Le cannabis entraîne-t-il un "glissement vers des drogues plus dures", comme l'affirme Emmanuel Macron ?

Les spécialistes des addictions contactés par franceinfo dénoncent les "représentations passéistes et fausses" du chef de l'Etat.

Article rédigé par Louis San
 

Un jeune homme consommant du cannabis photographié en avril 2020. (ROMAIN LONGIERAS / HANS LUCAS / AFP) Un jeune homme consommant du cannabis photographié en avril 2020. (ROMAIN LONGIERAS / HANS LUCAS / AFP)

"Dire que le haschisch est innocent est plus qu'un mensonge." Emmanuel Macron a évoqué la consommation de cannabis dans un entretien au Figaro publié dimanche 18 avril. Au milieu de cette interview centrée sur la sécurité, le chef de l'Etat mentionne cette drogue pour parler de délinquance et de crime organisé.

 

"On se roule un joint dans son salon et à la fin on alimente la plus importante des sources d'insécurité."

 

Emmanuel Macron 

dans "Le Figaro"

 

Le président fait également cette remarque sur le parcours des consommateurs de cannabis : "Je ne parle même pas des effets de glissements vers des drogues plus dures." Le locataire de l'Elysée a-t-il raison d'affirmer que le cannabis ouvre la voie à d'autres substances ? Franceinfo a interrogé des addictologues.

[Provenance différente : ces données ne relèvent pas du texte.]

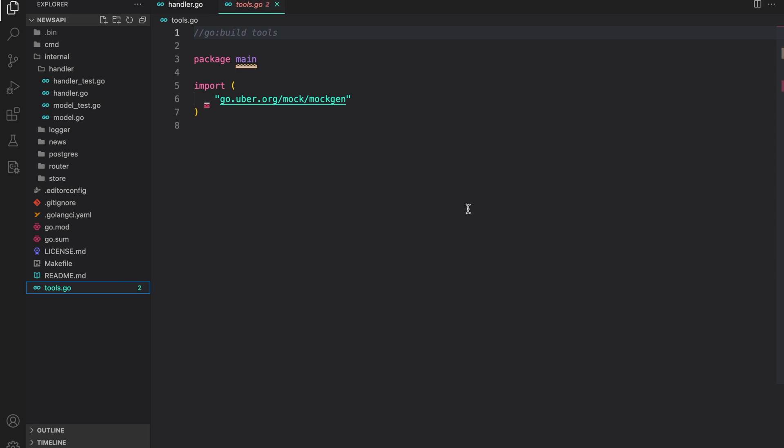Hello everyone, welcome to Code and Learn. So in the last lesson, we added some dev tools like Golang CLINT and MockChain. In this lesson, we are going to start using MockChain. So let's get started.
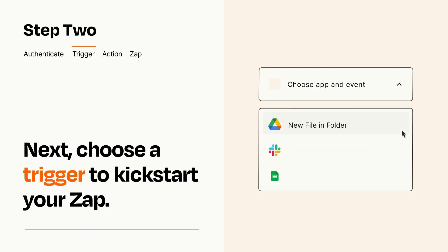Now let's set up your trigger, which is the event that starts your Zap. Pick the trigger event that you want from the list.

Une vieille théorie battue en brèche

Le schéma selon lequel le cannabis est un passage vers des drogues plus dures est appelé théorie du "gateway", de "l'escalade", du "tremplin" ou encore de la "porte d'entrée". Elle a été élaborée "lors de la première moitié du XXe siècle par les autorités américaines", expliquait Le Figaro en 2015. Elle a ensuite été portée par des recherches de la neurobiologiste américaine Denise Kandel en 1975. Emmanuel Macron relaie de "vieilles corrélations" établies dans les années 1970 et 1980, observe Alain Morel, psychiatre, spécialiste des addictions, et directeur général de l'association Oppelia. On retrouvait en effet, à l'époque, du cannabis et de l'héroïne dans le parcours de consommation des jeunes.

"A l'écouter, on dirait qu'il ne s'est rien passé" dans la médecine, la recherche et la prise en charge des patients, juge Amine Benyamina, médecin au service d'addictologie de l'hôpital Paul-Brousse de Villejuif. Car depuis les années 1970, d'autres scientifiques se sont intéressées au sujet et ont contredit cette théorie. Le débat est en effet clos depuis de longues années, assure-t-il.

 

"Cela fait fort longtemps qu'il a été démontré que le cannabis n'est pas une marche qui amènerait obligatoirement ou de manière très puissante vers d'autres drogues comme l'héroïne."

Alain Morel, psychiatre 

à franceinfo

 

"Aucune étude ne prouve la théorie de 'l'escalade', c'est-à-dire que l'on commence par du cannabis et que l'on devient héroïnomane", corrobore Amine Benyamina. Cette théorie est d'ailleurs si obsolète qu'"il n'y a presque plus personne [parmi les chercheurs] qui travaille vraiment là-dessus", souligne Alain Morel. 

On en retrouve toutefois une trace dans le magazine américain The Atlantic (en anglais) qui rapportait, en 2015, les résultats d'un sondage mené en 2012 aux Etats-Unis. Selon les données recueillies, 65% des consommateurs de cannabis ont d'abord essayé l'alcool et 40% des personnes ayant testé le cannabis ne testeront pas d'autres drogues par la suite.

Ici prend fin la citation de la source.